Clarice se puso de pie y cruzó el salón. Ahora eran tres sobre la alfombra dorada… y solo Kreet permanecía en su silla.

– Así que usted insiste en que no cedamos a las demandas de ellos y que no hagamos la guerra, suponiendo incluso que definiéramos un blanco. ¿Qué, entonces?

El presidente apoyó la pregunta de ella asintiendo con la cabeza y mirando imparcialmente a Thomas.

– Dudo mucho que ninguna solución convencional cambie nada. La habrían intentado en las historias y fallaron. Mi solución exige que ustedes me crean. Entiendo que ese es aquí el desafío, pero al final descubrirán que es la única salida.

– Sea más específico, Thomas -ordenó el presidente-. ¿Qué es lo que sugiere exactamente?

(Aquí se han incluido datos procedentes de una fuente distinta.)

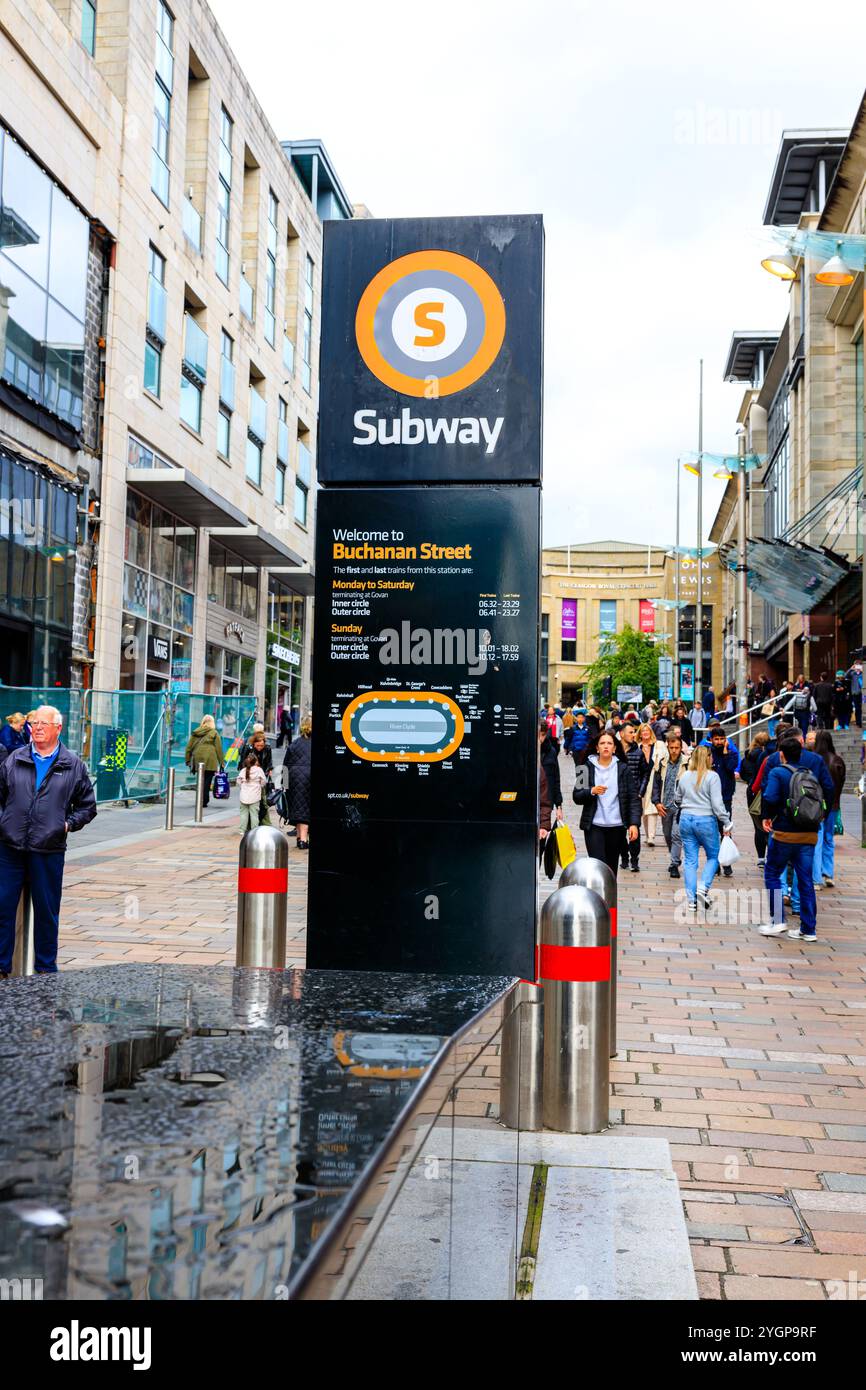 Un cartello di spicco situato fuori dalla stazione della metropolitana di Buchanan Street, Glasgow, Scozia. Sullo sfondo, gli edifici fiancheggiano la strada, con pedoni Foto Stock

– Primero, créame cuando digo que sé dónde está Monique. Ella es nuestra clave para asegurar el antivirus. Segundo, haga lo que sea necesario Para evitar tanto la guerra nuclear como la capitulación de la comunidad internacional a las demandas de Svensson. Engañe si tiene que hacerlo. Empiece el movimiento de armas nucleares. Conserve suficiente armamento Para una amenaza creíble y, si no tenemos solución para cuando las armas hayan llegado realmente a su destino…

– Parece que usted conociera ese destino -objetó el presidente.

– Si yo fuera ellos, escogería un país europeo, por una lista de motivos que le podría dar si usted quiere. Francia sería ideal.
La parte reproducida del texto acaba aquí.